SC15: Robot Ethics

Speaker

Thomas Christaller

Content

Science and technology have an impact for those who are doing the research and development as well as enterprises, organisations, lay people, and societies who are producing, exploiting, using it. Beside curiosity and trying to be the first with an important insight or with a successful product scientists, researchers, and engineers should think about possible consequences of their actions, ideas, models, and prototypes. Since the invention of the term robot the bright and the dark sides of real and imaginated intelligent artifacts were discussed. In the course Robot Ethics we will explore some issues related to intelligent or autonomous artefacts, sometimes called robots. We will try to figure out what could be meaningfully understood by these terms, what make them special if we look at humans and what could it mean if we talk about robots. We have to understand the differences between man and machine, as well as the intentions or promises standing behind the whole endeavor to construct such robots: Support for elder people in demographically changing societies, being Ersatz-soldiers in warfare, becoming the best friend of a child, just to name a few topics where ethical questions come to mind.

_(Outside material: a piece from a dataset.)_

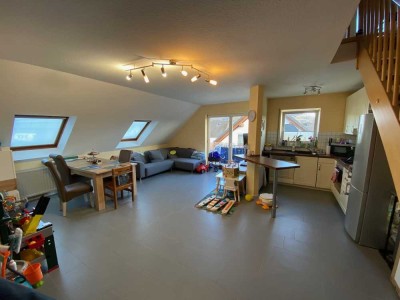 Gepflegte Maisonette-Wohnung mit zweieinhalb Zimmern sowie Balkon und EBK in Schweich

The course will hopefully be an open discussion and not so much a typical lecture.

Disciplines
Philosophical issues with regard to sciences and engineering disciplines related to robotics.

References

CV

Studying intelligence, cognition, and autonomy by building artefacts for more then 30 years, I came to a debatable but clear model of natural intelligence. From the beginning of my academic career I participated in many discussions and projects reflecting AI research and especially cognitive robotics together with philosophers and colleagues of other disciplines as well as media people, companies, and decision makers including politicians.